WORK REQUEST: From the data below, copy exactly the lines that lie between the one holding "Angled view of" and the one holding "Located at 9000", including both, and nothing more.

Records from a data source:
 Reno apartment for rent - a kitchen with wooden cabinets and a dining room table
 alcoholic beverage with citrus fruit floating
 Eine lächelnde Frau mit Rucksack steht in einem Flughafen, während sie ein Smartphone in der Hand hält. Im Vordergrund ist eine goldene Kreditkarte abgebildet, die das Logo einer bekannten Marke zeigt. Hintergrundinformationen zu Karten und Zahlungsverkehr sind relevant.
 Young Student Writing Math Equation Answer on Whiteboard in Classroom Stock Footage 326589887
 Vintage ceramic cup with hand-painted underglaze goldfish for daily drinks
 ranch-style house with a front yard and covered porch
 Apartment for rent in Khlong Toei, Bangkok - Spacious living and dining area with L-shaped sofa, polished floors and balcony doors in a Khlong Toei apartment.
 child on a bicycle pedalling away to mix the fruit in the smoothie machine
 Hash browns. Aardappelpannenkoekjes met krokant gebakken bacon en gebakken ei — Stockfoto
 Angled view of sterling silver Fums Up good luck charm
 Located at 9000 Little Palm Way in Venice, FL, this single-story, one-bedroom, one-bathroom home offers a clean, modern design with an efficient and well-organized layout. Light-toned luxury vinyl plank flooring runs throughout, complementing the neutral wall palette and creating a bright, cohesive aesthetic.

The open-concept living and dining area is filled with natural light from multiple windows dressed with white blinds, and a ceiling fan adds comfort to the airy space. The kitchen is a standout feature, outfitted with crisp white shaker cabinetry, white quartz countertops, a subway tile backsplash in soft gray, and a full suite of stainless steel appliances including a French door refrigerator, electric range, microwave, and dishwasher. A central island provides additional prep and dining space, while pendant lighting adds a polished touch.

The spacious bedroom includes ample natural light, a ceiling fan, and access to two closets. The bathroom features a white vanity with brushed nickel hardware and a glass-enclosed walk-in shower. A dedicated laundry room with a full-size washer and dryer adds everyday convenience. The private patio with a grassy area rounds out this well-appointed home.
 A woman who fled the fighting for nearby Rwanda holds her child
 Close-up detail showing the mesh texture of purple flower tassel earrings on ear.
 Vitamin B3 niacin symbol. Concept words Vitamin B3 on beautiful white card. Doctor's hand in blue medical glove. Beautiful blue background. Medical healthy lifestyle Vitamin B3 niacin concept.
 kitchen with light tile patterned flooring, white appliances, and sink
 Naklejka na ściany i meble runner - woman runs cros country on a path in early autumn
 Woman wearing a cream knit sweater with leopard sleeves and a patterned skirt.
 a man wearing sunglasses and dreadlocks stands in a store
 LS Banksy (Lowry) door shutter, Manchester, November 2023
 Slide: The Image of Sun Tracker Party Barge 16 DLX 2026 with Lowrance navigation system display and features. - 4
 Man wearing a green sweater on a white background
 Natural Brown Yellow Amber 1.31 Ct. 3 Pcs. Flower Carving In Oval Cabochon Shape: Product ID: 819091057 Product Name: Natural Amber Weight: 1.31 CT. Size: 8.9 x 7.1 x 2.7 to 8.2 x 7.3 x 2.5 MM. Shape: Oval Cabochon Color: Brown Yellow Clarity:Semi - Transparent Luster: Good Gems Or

REPLY TO THE TASK:
 Angled view of sterling silver Fums Up good luck charm
 Located at 9000 Little Palm Way in Venice, FL, this single-story, one-bedroom, one-bathroom home offers a clean, modern design with an efficient and well-organized layout. Light-toned luxury vinyl plank flooring runs throughout, complementing the neutral wall palette and creating a bright, cohesive aesthetic.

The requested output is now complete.